The store uses SQLite databases for storage:

/tmp/my_pipeline/

db.sqlite3: Contains the current state of your data with full ActiveRecord capabilities.
versions/: Contains complete database snapshots taken at each version point.

Versions are automatically created during pipeline processing, allowing you to inspect historical states and restore if needed. Each version is a complete, independent SQLite database.

Running Shell Commands

The Shell class helps run external commands within your pipeline. It exists because running shell commands in Ruby can be tedious - you need to capture stdout, stderr, check exit status, and handle failures. Shell simplifies this.

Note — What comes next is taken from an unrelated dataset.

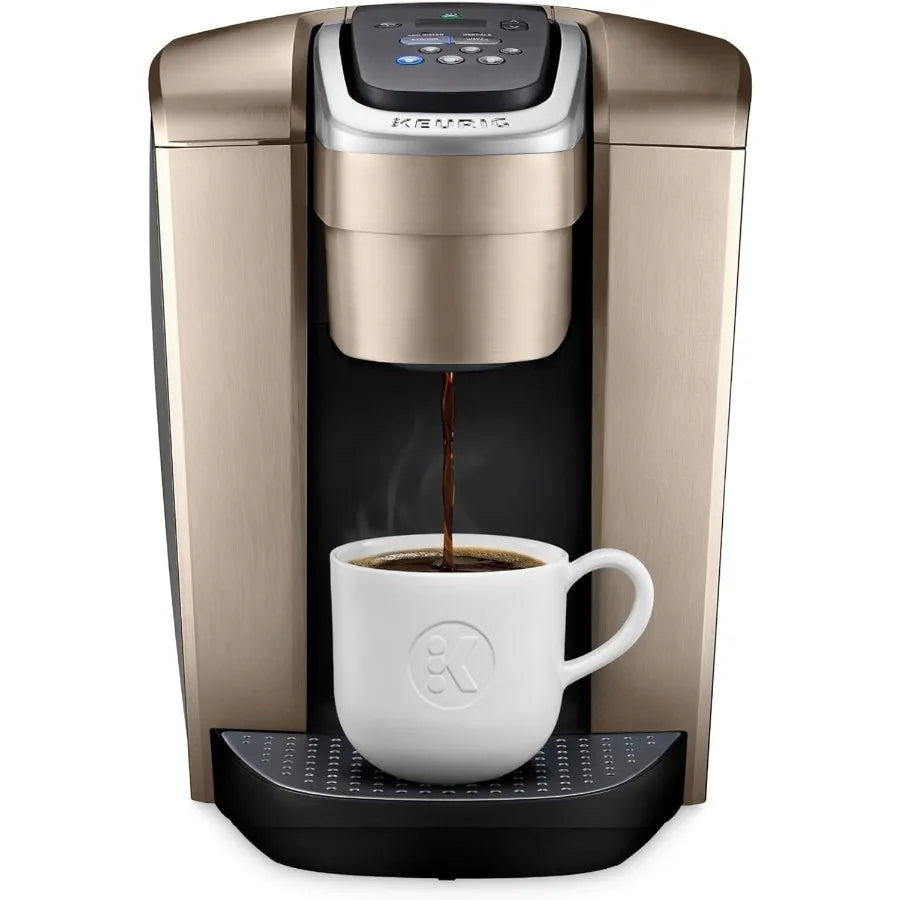 K-Elite Single Serve K-Cup Coffee Maker – Strength & Temperature Control with Iced Coffee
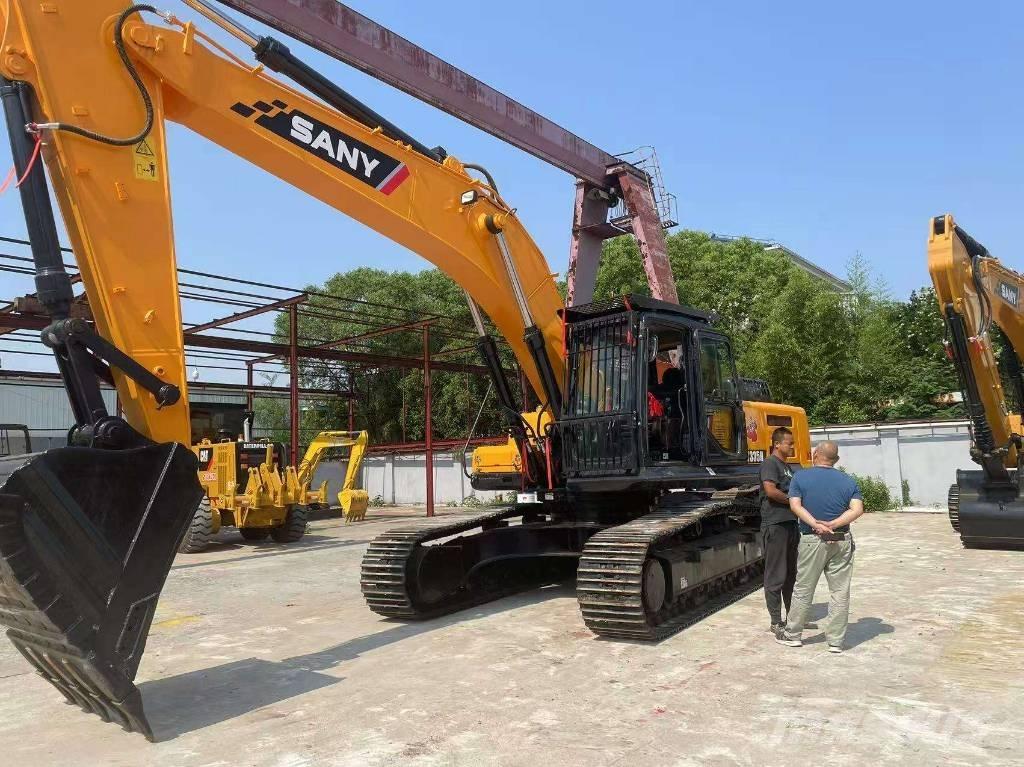 Sany SY 335 H 大型油圧ショベル12t以上（パワーショベル・ユンボ）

Available in process blocks via the shell helper:

pipeline = ConcurrentPipeline.pipeline do
  processor(:sync)

  process(store.repository.where(cloned: false)) do |repo|
    # Shell.run returns a Result with stdout, stderr, success?, command
    result = shell.run("git clone #{repo.url} /tmp/#{repo.name}")

    if result.success?
      puts result.stdout
      repo.update!(cloned: true)
    else
      puts "Failed: #{result.stderr}"
    end
  end
end

Use run! to raise on failure:

process(store.repository.where(cloned: false)) do |repo|
  # Raises error if command fails, returns stdout if success
  output = shell.run!("git clone #{repo.url} /tmp/#{repo.name}")
  repo.update!(cloned: true, output: output)
end

Stream output in real-time with a block:

process(store.project.where(built: false)) do |project|
  shell.run("npm run build") do |stream, line|
    puts "[#{stream}] #{line}"
  end
  project.update!(built: true)
end

Use outside of pipelines by calling directly:

# Check if a command succeeds
result = ConcurrentPipeline::Shell.run("which docker")
docker_installed = result.success?

# Get output or raise
version = ConcurrentPipeline::Shell.run!("ruby --version")
puts version  # => "ruby 3.2.9 ..."

Multiple Processing Steps

Chain multiple steps together - each step processes what the previous step created:

store = ConcurrentPipeline.store do
  dir("/tmp/my_pipeline")

  record(:company) do
    schema(:companies) do |t|
      t.string(:name)
      t.boolean(:fetched, default: false)
    end
  end

  record(:employee) do
    schema(:employees) do |t|
      t.string(:company_name)
      t.string(:name)
      t.boolean(:processed, default: false)
    end
  end
end

store.transaction do
  store.company.create!(name: "Acme Corp")
  store.company.create!(name: "Tech Inc")
end

pipeline = ConcurrentPipeline.pipeline do
  processor(:async)

  # Step 1: Fetch employees for each company
  process(store.company.where(fetched: false)) do |company|
    employees = api_fetch_employees(company.name)
    employees.each do |emp|
      store.employee.create!(company_name: company.name, name: emp)
    end
    company.update!(fetched: true)
  end

  # Step 2: Process each employee
  process(store.employee.where(processed: false)) do |employee|
    send_welcome_email(employee.name)
    employee.update!(processed: true)
  end
end

pipeline.process(store)

Final words

That's it, you've reached THE END OF THE INTERNET.